Records from a collection:
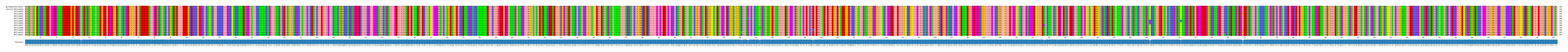 Multiple Alignments (by translate haplotype frequency)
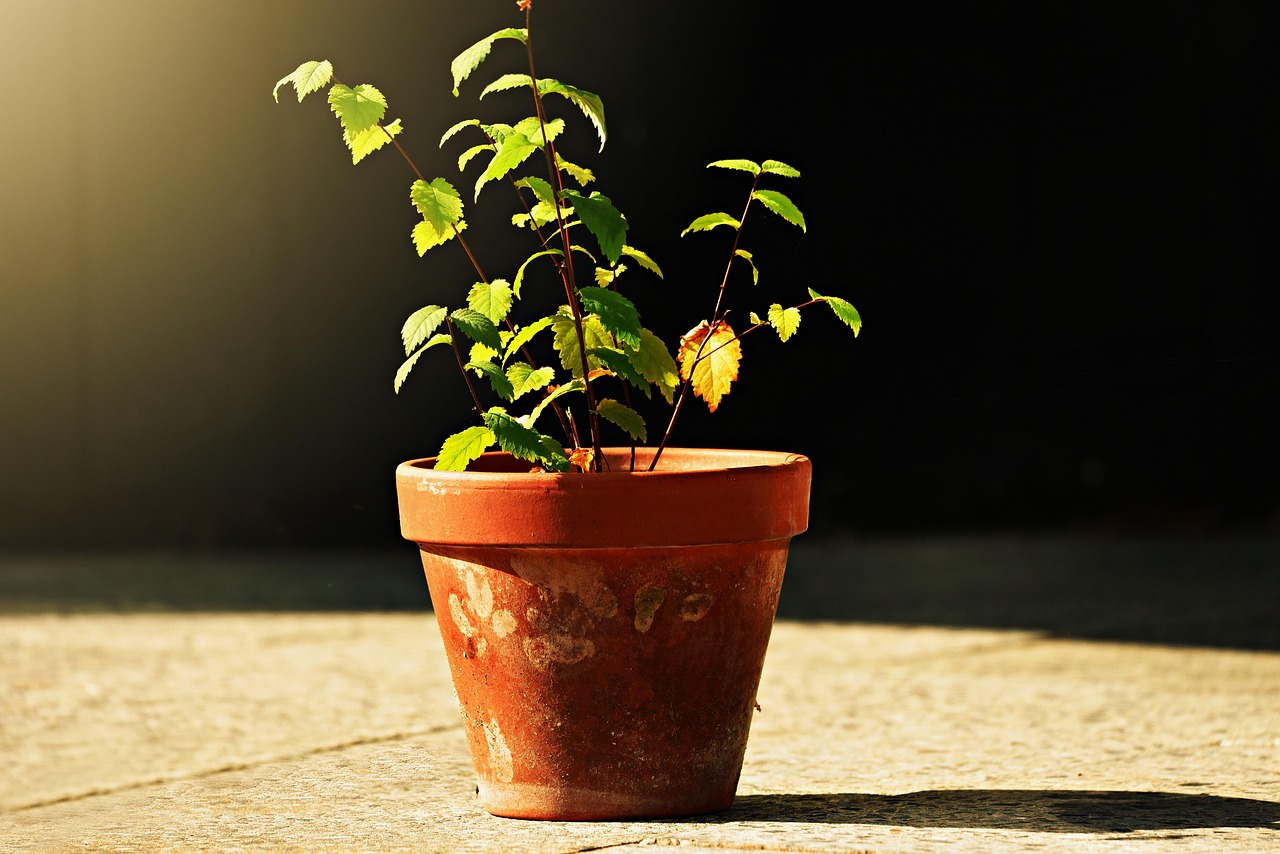 Immagine di un vaso con terriccio universale e un confronto con terra da giardino secca e compatta.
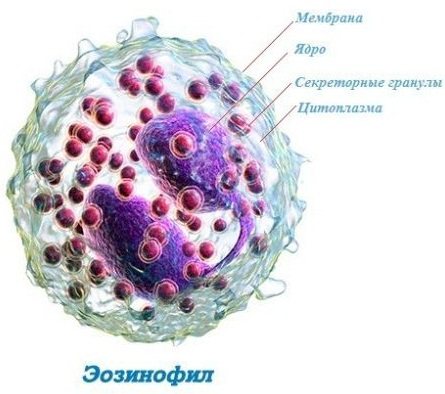 Эозинофилы. Норма у женщин по возрасту, таблица, расшифровка в анализе, лечение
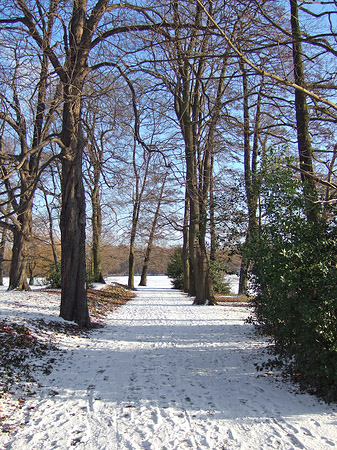 Foto Wald mit Schnee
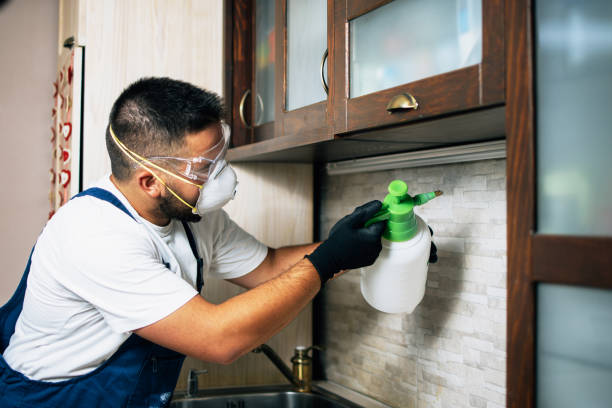 Best Best Pest Control Companies  in Monfort Heights, OH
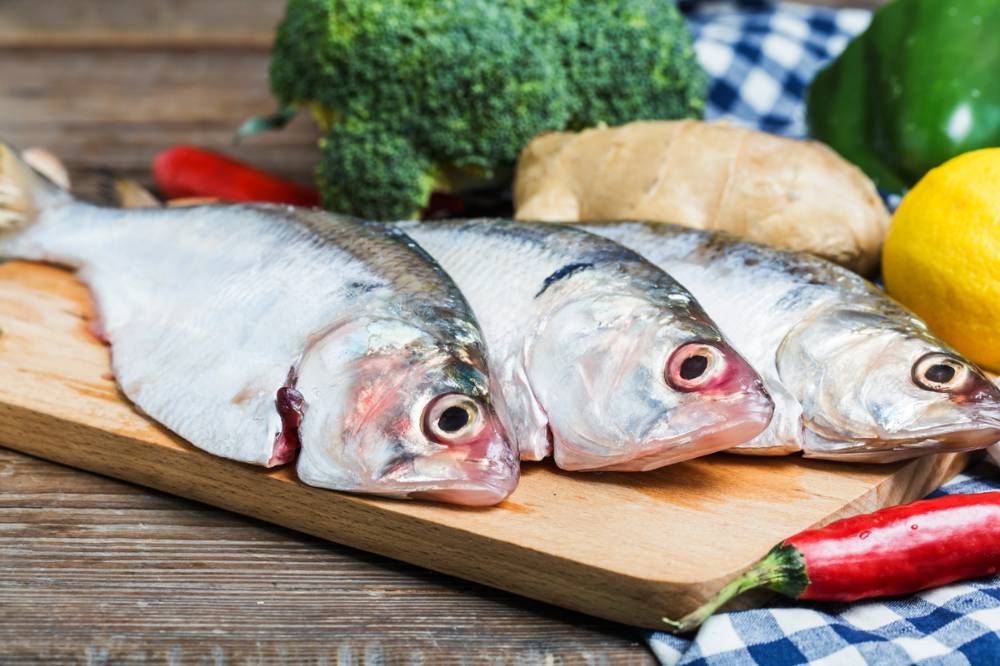 Ikan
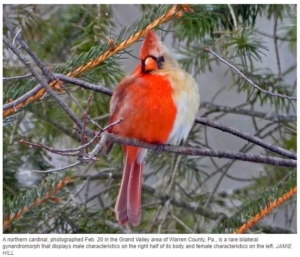 bilateral gynandromorph cardinal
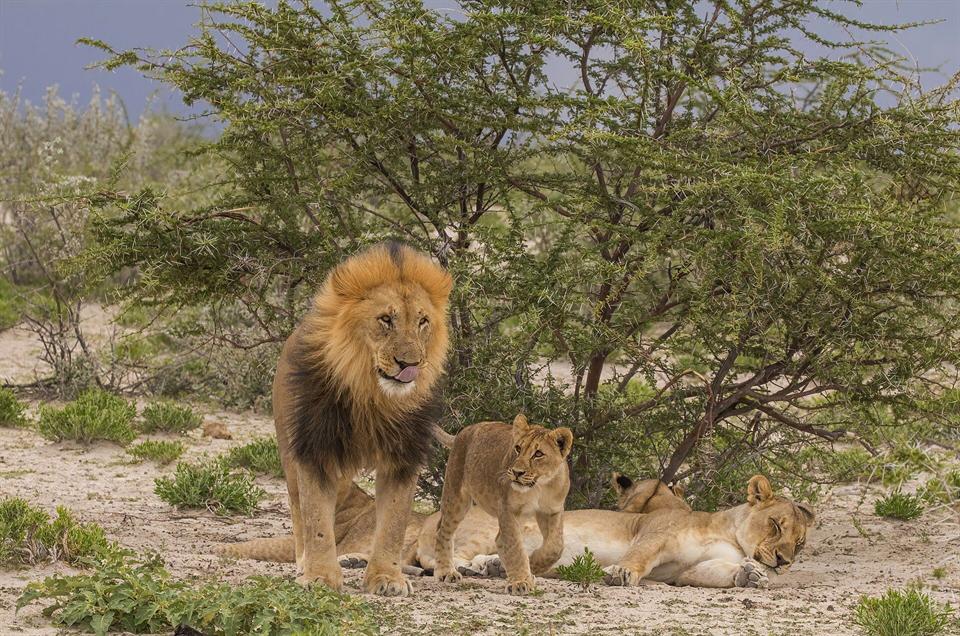 Lion et lionceau dans le parc d'Etosha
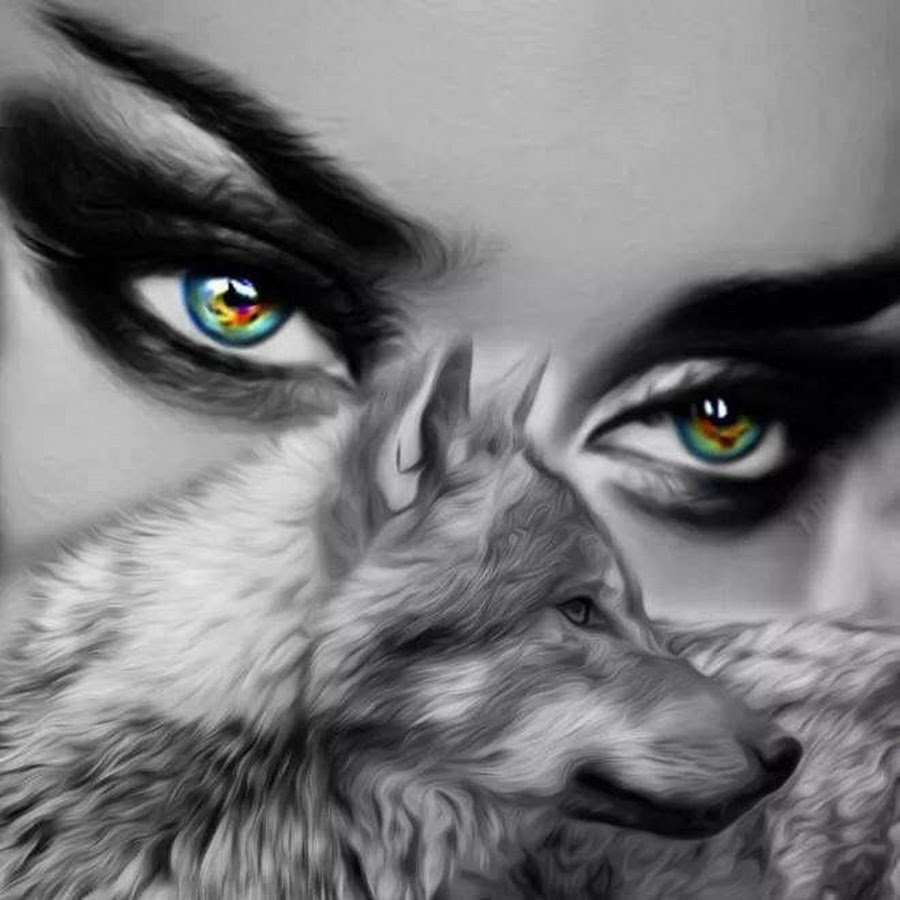 Волк подмигивает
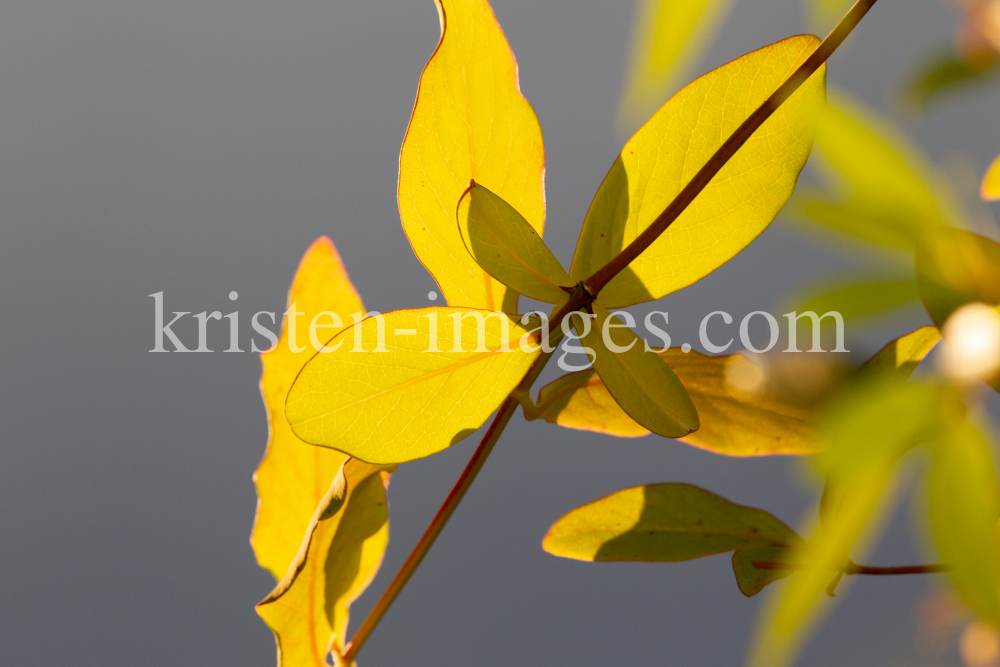 Blätter des Gartengeißblatts / Lonicera caprifolium by kristen-images.com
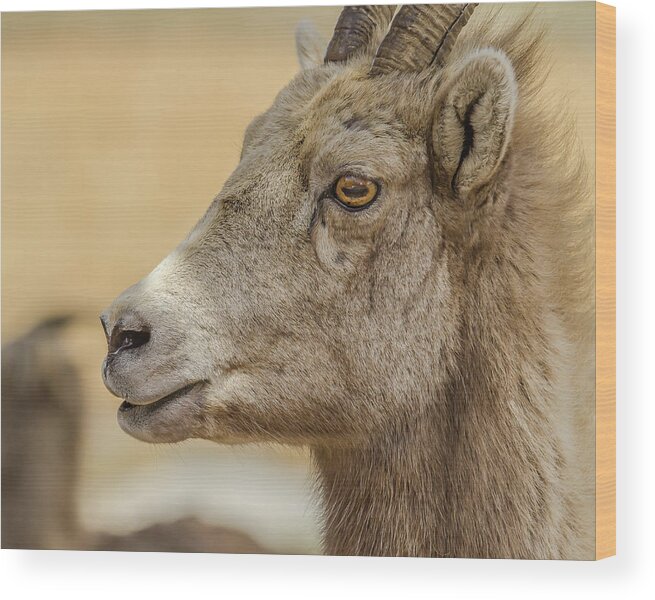 Ewe Wood Print featuring the photograph Ewe Glow At Sunset by Yeates Photography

- [TASK INSTRUCTIONS]: Could you return exactly the lines starting with the one that contains "Lion et lionceau dans le parc d'Etosha" and ending with the last line of the data above? Leave the pictures out.

- [SOLUTION TO THE PROBLEM]:
 Lion et lionceau dans le parc d'Etosha
 Волк подмигивает
 Blätter des Gartengeißblatts / Lonicera caprifolium by kristen-images.com
 Ewe Wood Print featuring the photograph Ewe Glow At Sunset by Yeates Photography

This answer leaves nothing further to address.